__SOURCE MATERIAL__:
....

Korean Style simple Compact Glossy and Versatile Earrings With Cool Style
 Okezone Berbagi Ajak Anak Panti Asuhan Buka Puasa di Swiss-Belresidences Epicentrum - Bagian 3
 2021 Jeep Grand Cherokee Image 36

....

Restate each line above word for word.

__ANSWER SPACE__:
Korean Style simple Compact Glossy and Versatile Earrings With Cool Style
 Okezone Berbagi Ajak Anak Panti Asuhan Buka Puasa di Swiss-Belresidences Epicentrum - Bagian 3
 2021 Jeep Grand Cherokee Image 36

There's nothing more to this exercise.